Abstract
Background:
Evidence of brain structural and functional alterations have been implicated in patients with somatization disorder (SD). However, little is known about brain functional connectivity in SD. In the present study, resting-state functional magnetic resonance imaging (fMRI) and graph theory were used to obtain a comprehensive view of whole-brain functional connectivity and to investigate the changes of voxel-wise functional networks in patients with SD.
Methods:
Twenty-five first-episode, medication-naive patients with SD and 28 age-, sex- and education-matched healthy controls (HCs) underwent resting-state fMRI. The graph theory approach was employed to analyze the data.
Results:
Compared to the HCs, patients with SD showed significantly increased functional connectivity strength in the right inferior temporal gyrus (ITG). There is a significant positive correlation between the z-values of the cluster in the right ITG and Hamilton Anxiety Scale scores.
Conclusions:
Our findings indicate that there is a disruption of the functional connectivity pattern in the right ITG in first-episode, treatment-naive patients with SD, which bears clinical significance.
Introduction
Somatization disorder (SD) is an illness of multiple somatic complaints in multiple organ systems and leads to significant lesions or the seeking of treatment. The organ systems typically referred to are the gastrointestinal, cardiorespiratory, urogenital, other internal systems, or the musculoskeletal system. The disorder has a prevalence rate of 4–7% in the general population and occurs more often in females; some investigations have shown sex differences of about 1:5 (male to female) (Rief et al., 2001; Sadock et al., 2007). Patients with SD suffer significant psychosocial disability and functional impairment, which lead to a high rate of health care burdens that are comparable with those of some severe mental illnesses, such as schizophrenia and depression (Barsky et al., 2005; Krishnan et al., 2013).
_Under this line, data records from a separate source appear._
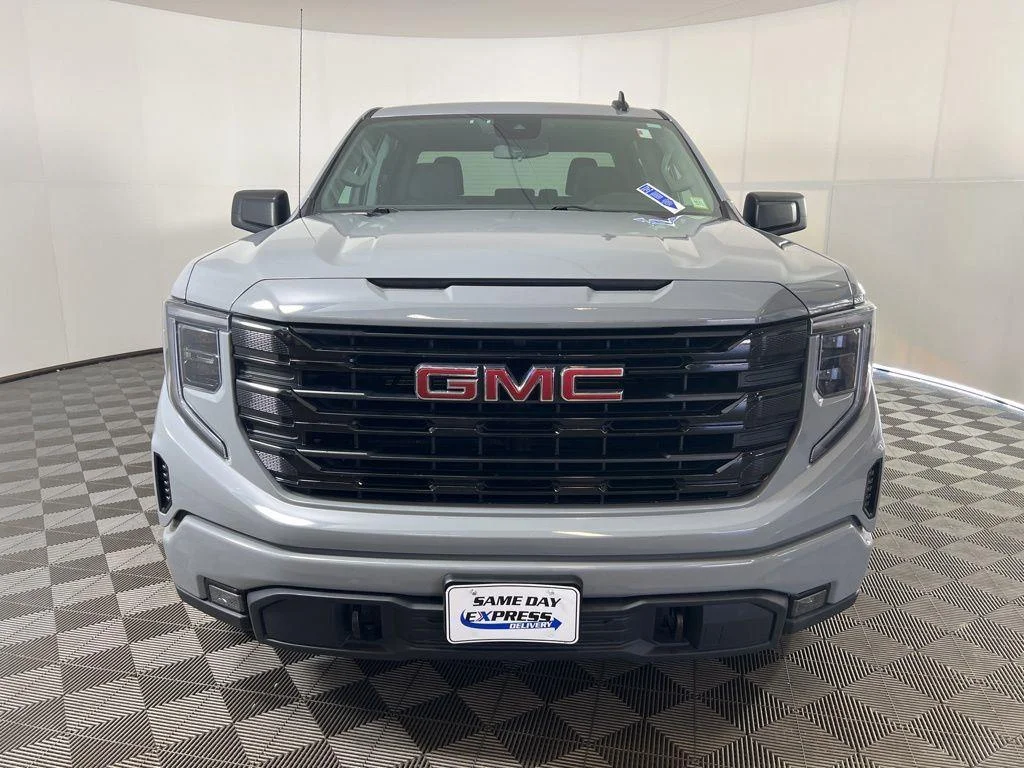 Used 2024 Gray GMC Elevation image 30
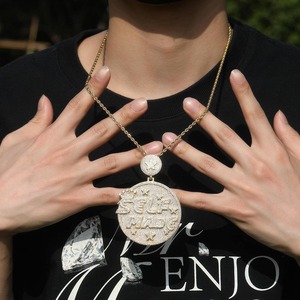 Collar de Moissanita de Lujo Más Vendido con Cadena Cubana para Fiestas y Estilo Urbano Diario, Disponible para la Venta - Product Image 4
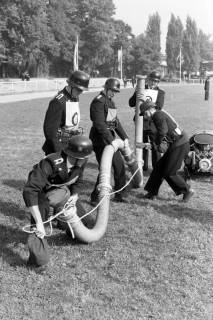 ARH NL Mellin 02-127/0006, Leistungsmarsch? der Feuerwehr, um 1975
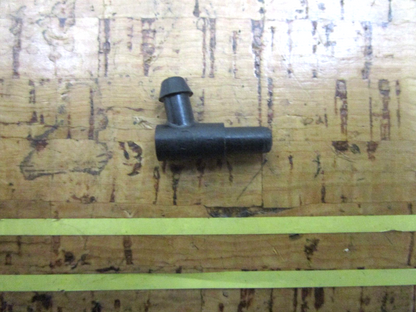 *NEW OEM* 0750 OMC Johnson Evinrude NIPPLE 326266 0326266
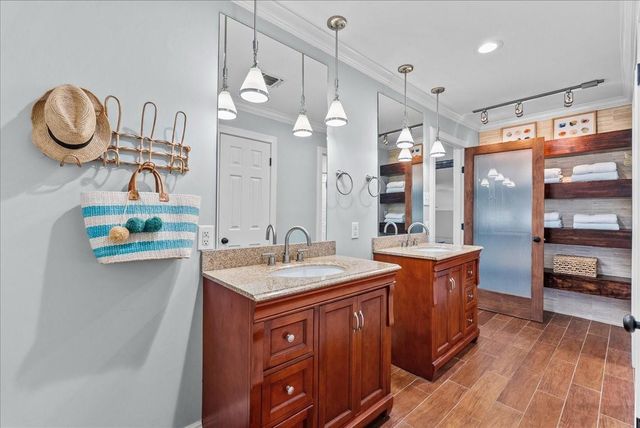 4331 Long Grove Drive, Seabrook, TX 77586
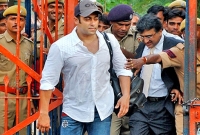 পুরনো মামলা ৬ বছর জেল: আবারো ফেঁসে যাচ্ছেন সালমান খান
Despite progress made in studies of SD patients, the pathophysiology of SD still remains unclear. Brain structural and functional alterations related to SD have been explored with neuroimaging techniques. For example, a single photon emission computed tomography study of patients with SD described hypoperfusion, primarily in the frontal, prefrontal, temporoparietal, and cerebellar areas (Garcia-Campayo et al., 2001). Also, in a positron emission tomography scanning study, somatization accompanied by anxiety was shown to be associated with decreased metabolism in brain regions, such as the ventrolateral prefrontal cortex, ventral anterior cingulate cortex (ACC), and anterior insular gyrus (Brody et al., 2001). In addition, a structural magnetic resonance imaging (MRI) study revealed smaller mean volumes of the amygdala in patients with SD compared to healthy subjects (Atmaca et al., 2011). Also, a previous study with nuclear magnetic resonance spectroscopy showed enhanced activity in the posterior cingulate cortex (PCC) in SD patients relative to healthy subjects (Fayed et al., 2012). Moreover, using functional MRI (fMRI), Lemche et al. found that SD patients had alterations of anterior ventral precuneus, PCC and anteromedial thalamus when they were in different emotional states (happy or sad) (Lemche et al., 2013). These findings provide evidence for brain structural and functional alterations in SD patients, but the changes in brain functional connectivity (FC) in SD patients remain unclear.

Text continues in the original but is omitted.